CLARICE: [inaudible].

MARISA: [inaudible]. So the issue that came up this past week is an issue that comes up fairly often, but it was very aggressive. And the specific topic is something that is governed by the Rhode Island Open Meetings Act. If you’re not familiar with that statute, it is the statute that requires any public entity to conduct itself in a certain way so that members of the public can participate to a certain extent with the public entity through public discourse because that’s part of our democracy that we want the public to be heard and civil liberties protected. In Rhode Island what that means is if you represent a public entity or if you represent a private client that appears before a public entity you’re constantly looking at the state Open Meetings Act to make sure that the public entity is operating appropriately under that statute. Does that make sense?

CLARICE: Yeah. And we’ve touched on this briefly when dealing with – I believe it was in our episode about notice of violation, how there is an open meeting portion of the event. But this act specifically that we’re talking about today governs what that meeting looks like, what rules it has to follow and kind of the parameters surrounding that portion of the process, right?

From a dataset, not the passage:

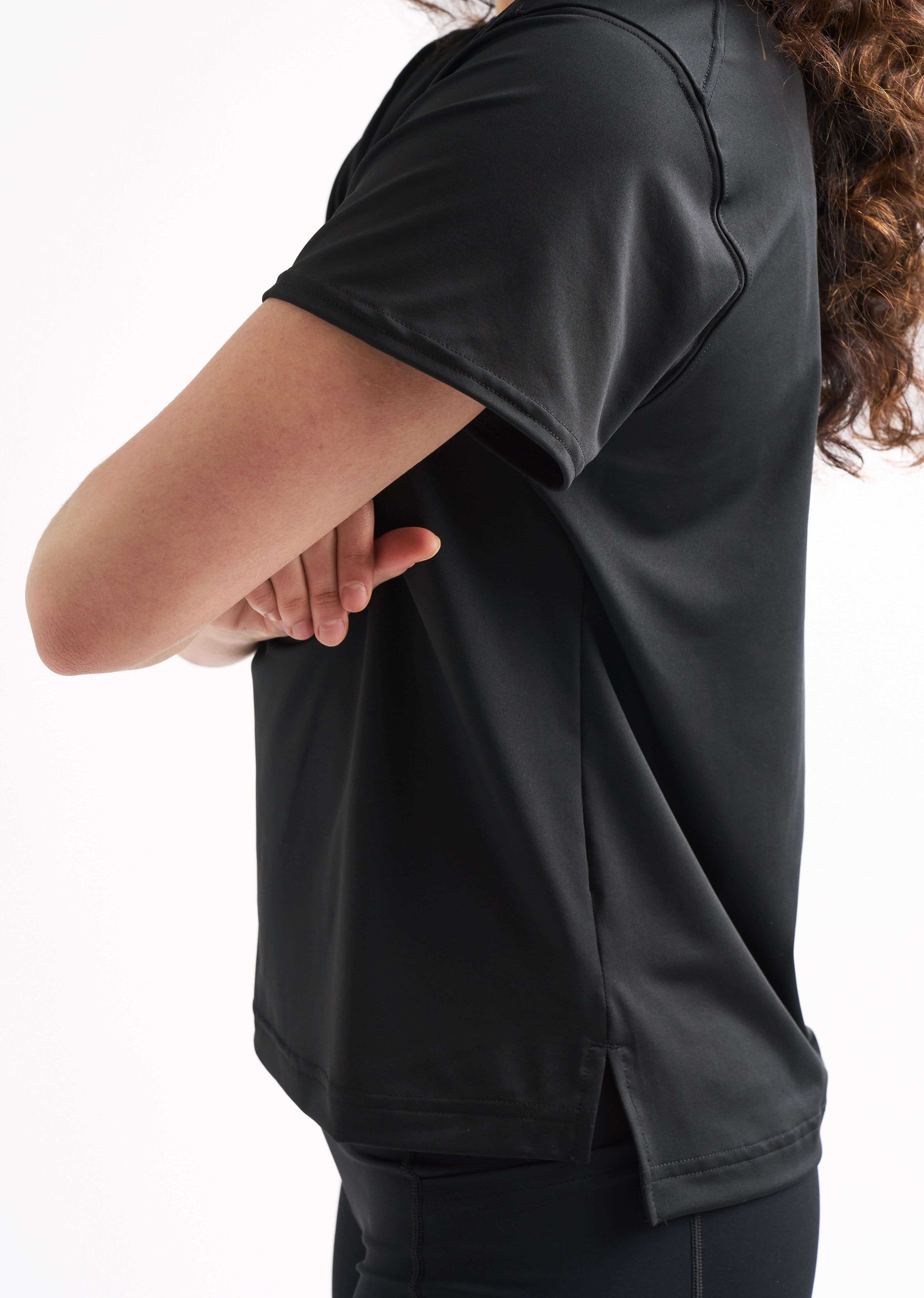 Close-up side view of a woman with arms crossed, highlighting the sleeve and fit of the Flow State top.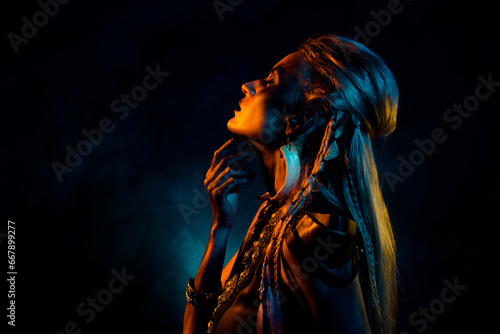 Photo of dreamy mystic woman wear gothic valkyrie doing sacrificial ritual isolated dark orange color background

[0:02:46] MARISA: Yeah. And the Open Meetings Act is aimed at making sure that government is operating appropriately. I think in one of our previous episodes we talked about notices of violation and making sure that anyone that receives it requests an appeal and can be heard on the issues outlined in the notice of violation whereas the Open Meetings Act is meant more to dictate how public entities can meet, how they cannot meet, what they can talk about, how the agendas need to be noticed and certain deadlines and time frames. So the very specific question that came up – I’m not kidding – three times last week had to do with this notion of something called a rolling quorum. Have you ever heard of that?

CLARICE: No. It sounds very Game of Thrones.

MARISA: Doesn’t it?

CLARICE: Yeah. It does not sound modern in the slightest. So what do our – what do our clients have to do? Does everybody have to get ready to fight for their family’s honor, or are we all meeting out in a field?

MARISA: Well, they have to pay their debts if they’re a Lannister and they also have to make sure that – I guess it makes a lot of sense, but it’s one of those areas of law to me I feel like, how does this happen. I don’t know. That’s not a real category of law, but it’s in my head. It’s a category. If you’re a member of a public body, don’t talk about stuff outside of a meeting, right. That make sense to you?



CLARICE: Keep Vegas in Vegas.


CLARICE: And sometimes your Vegas is just a meeting.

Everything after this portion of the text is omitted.